Exercise requirements:
As you reproduce every line below, keep it exactly as written and leave out the images.

Provided material:
══════════
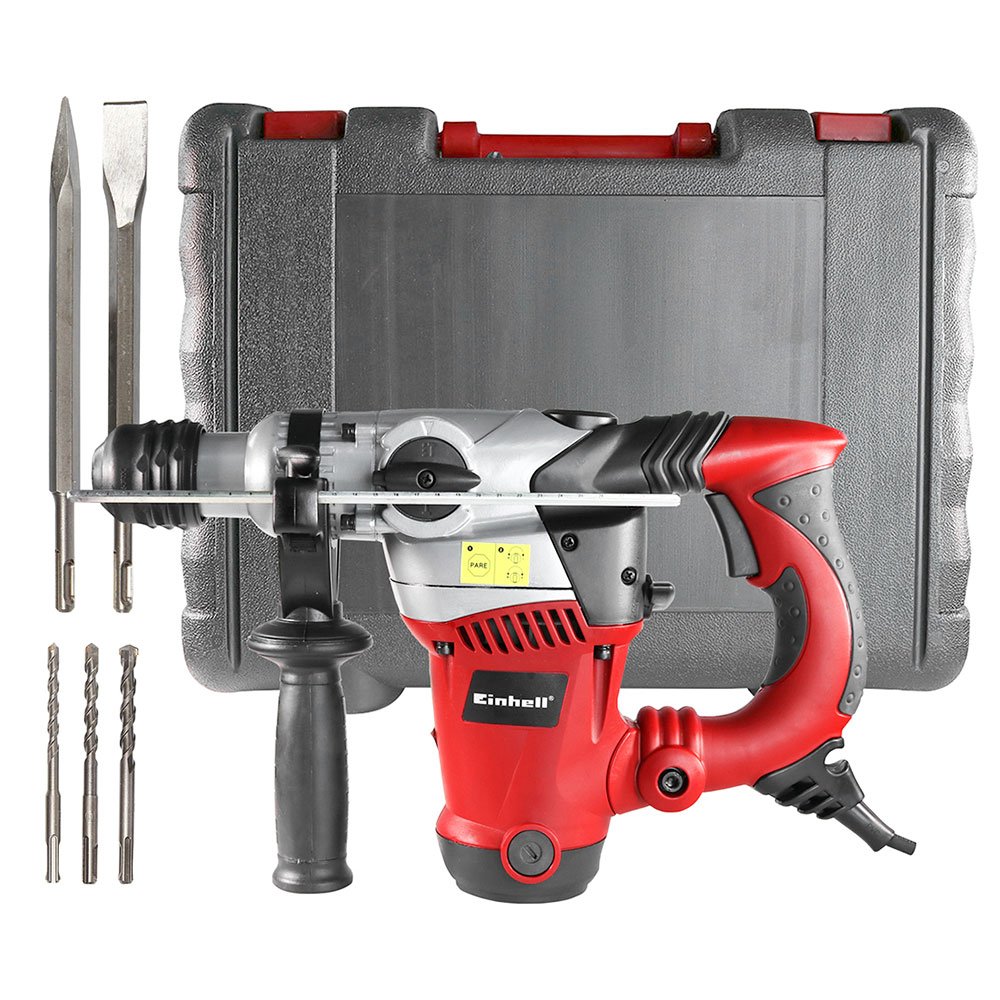 1658141556809 Martelete Perfurador Rompedor RT-RH32 SDS Plus 3,5J 1250W 110V com Ponteiro Talhadeiras Brocas e Maleta Einhell-4258453 - Imagem 1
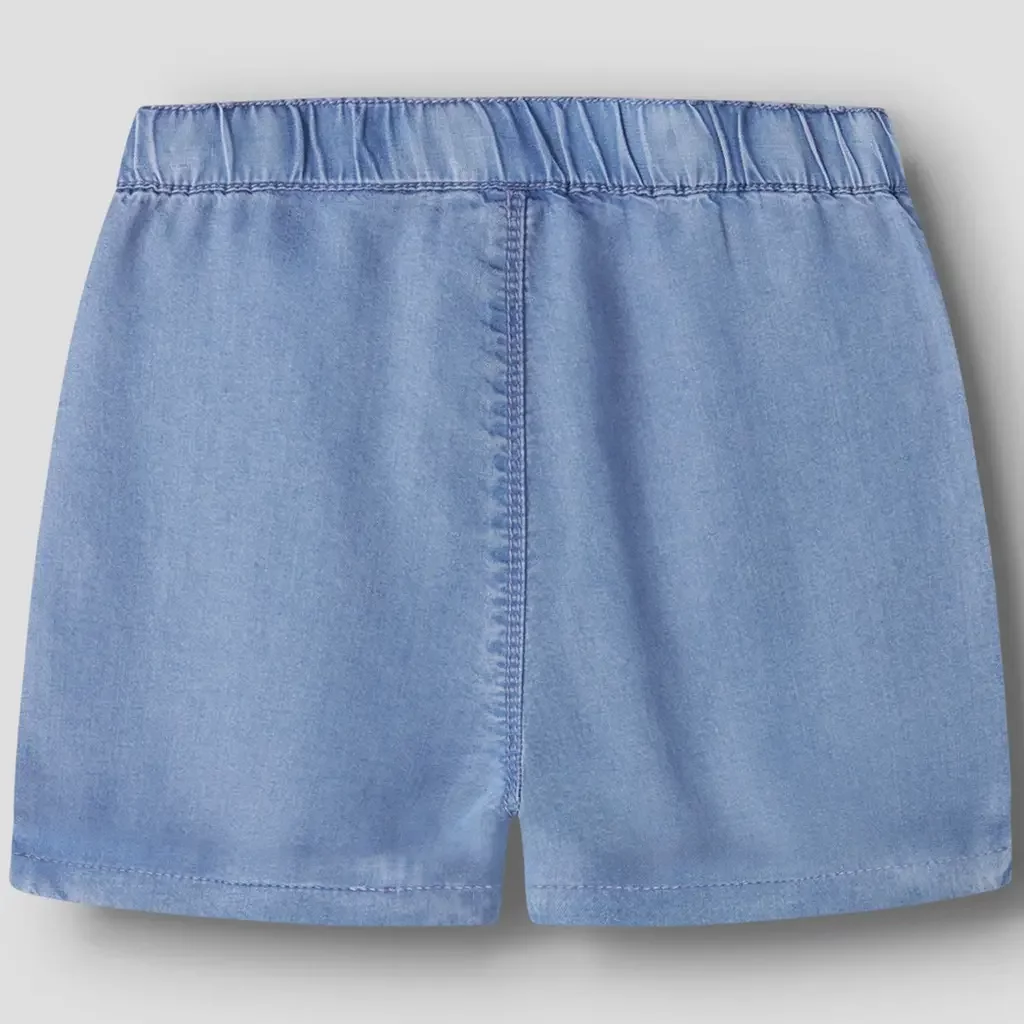 Kort plooi broekje REGULAR FIT Bella (medium blue denim)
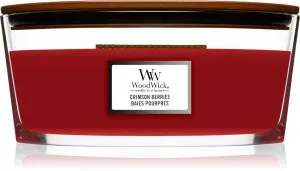 Vela perfumada WoodWick Crimson Berries com pavio de madeira 453,6 g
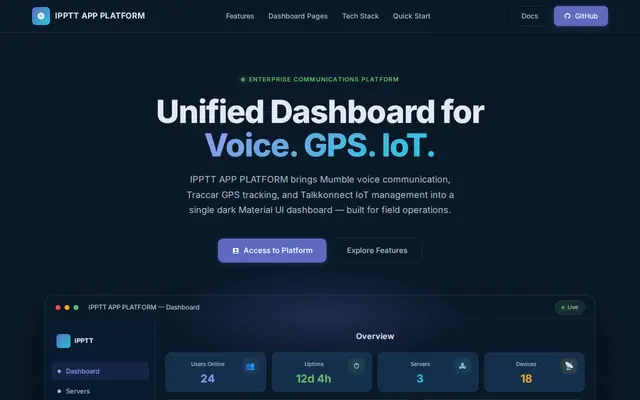 หน้าตาของ IPPTT APP PLATFORM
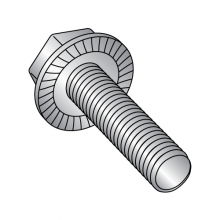 Serrated Hex Washer - Flange Screws - 18-8 Stainless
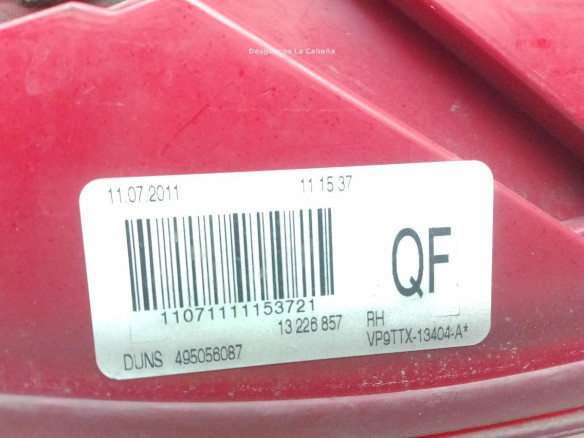 495056087 PILOTO TRA DER EXT OPEL INSIGNIA A Sports Tourer (G09)|Desguaces La Cabaña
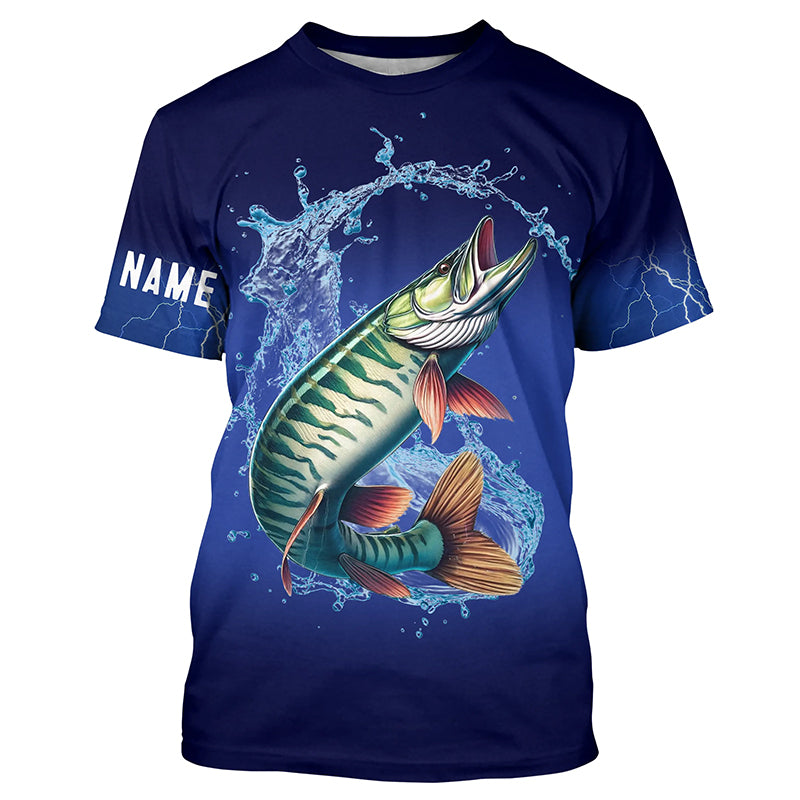 Musky Fishing Customize name Muskie Fishing T-shirt, personalized fishing gift ideas NPQ239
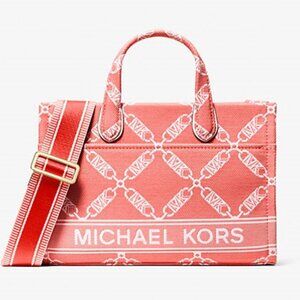 60% SUPER SALE! ✅NWT Michael Kors GIGI SM Empire Logo Strap Messenger Bag ✨NWT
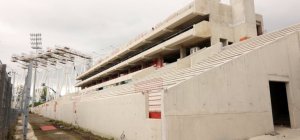 L'extension du Stade Gabriel-Montpied prend forme et prendra fin au printemps 2026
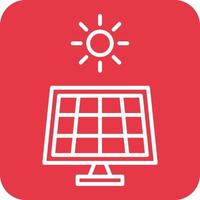 zonne- paneel lijn ronde hoek achtergrond pictogrammen vector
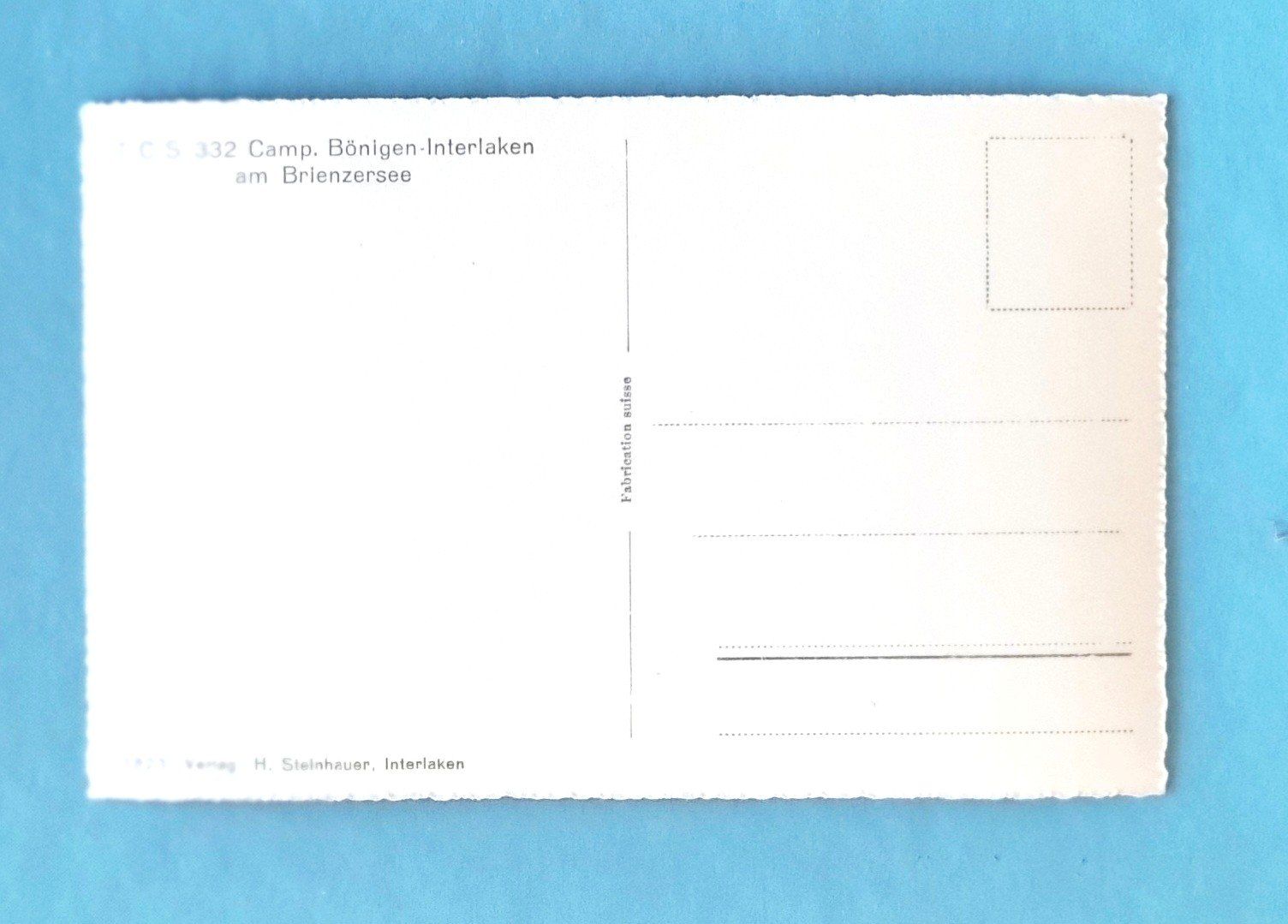 Cartoline postali: Bönigen - Camping - Zeltplatz – Usato da Rothrist venduto da RROENK 1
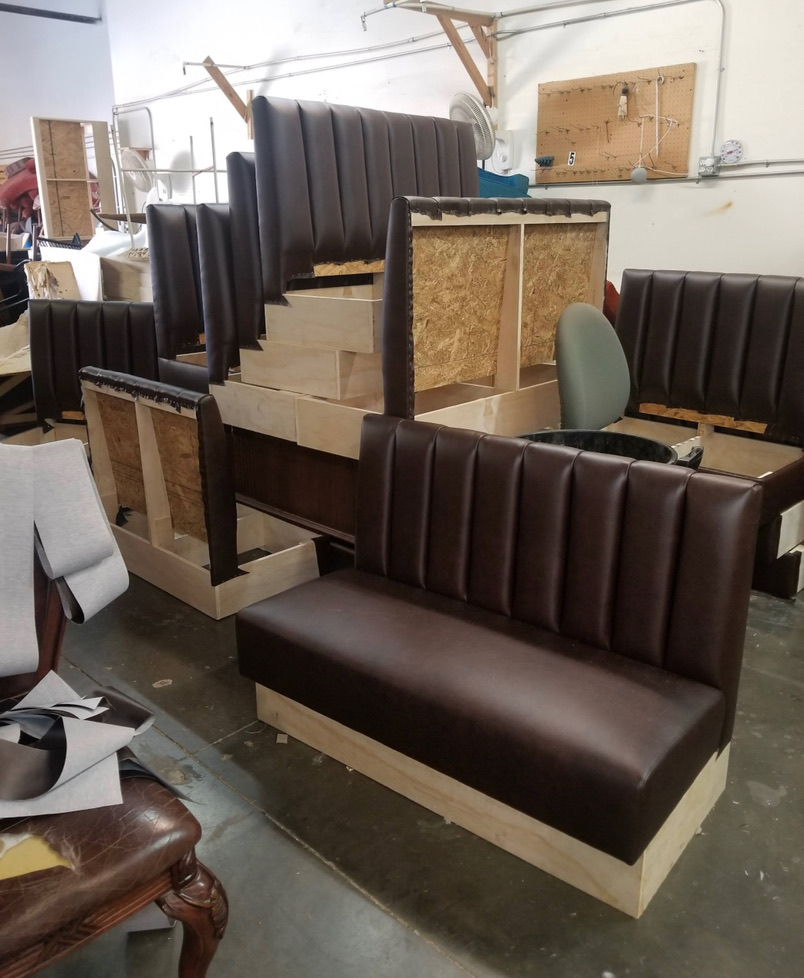 Filiberto’s: custom seating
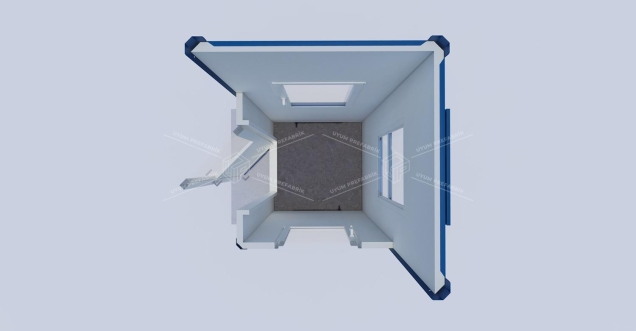 130x130 Sandwich Panel Cabin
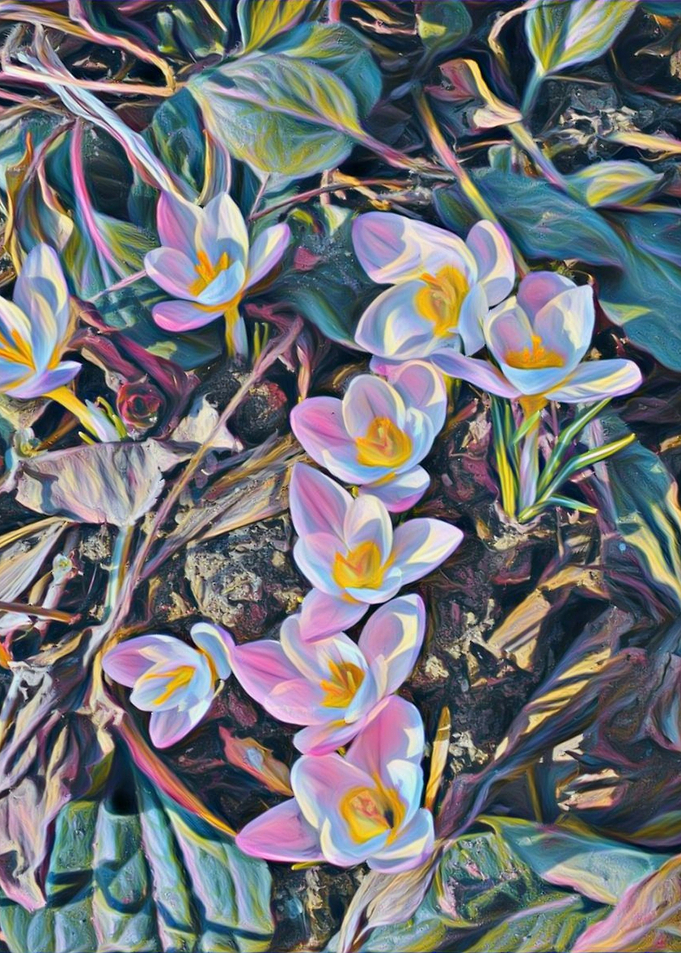 crocuses spring is coming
══════════
Solution for this problem:
 1658141556809 Martelete Perfurador Rompedor RT-RH32 SDS Plus 3,5J 1250W 110V com Ponteiro Talhadeiras Brocas e Maleta Einhell-4258453 - Imagem 1
 Kort plooi broekje REGULAR FIT Bella (medium blue denim)
 Vela perfumada WoodWick Crimson Berries com pavio de madeira 453,6 g
 หน้าตาของ IPPTT APP PLATFORM
 Serrated Hex Washer - Flange Screws - 18-8 Stainless
 495056087 PILOTO TRA DER EXT OPEL INSIGNIA A Sports Tourer (G09)|Desguaces La Cabaña
 Musky Fishing Customize name Muskie Fishing T-shirt, personalized fishing gift ideas NPQ239
 60% SUPER SALE! ✅NWT Michael Kors GIGI SM Empire Logo Strap Messenger Bag ✨NWT
 L'extension du Stade Gabriel-Montpied prend forme et prendra fin au printemps 2026
 zonne- paneel lijn ronde hoek achtergrond pictogrammen vector
 Cartoline postali: Bönigen - Camping - Zeltplatz – Usato da Rothrist venduto da RROENK 1
 Filiberto’s: custom seating
 130x130 Sandwich Panel Cabin
 crocuses spring is coming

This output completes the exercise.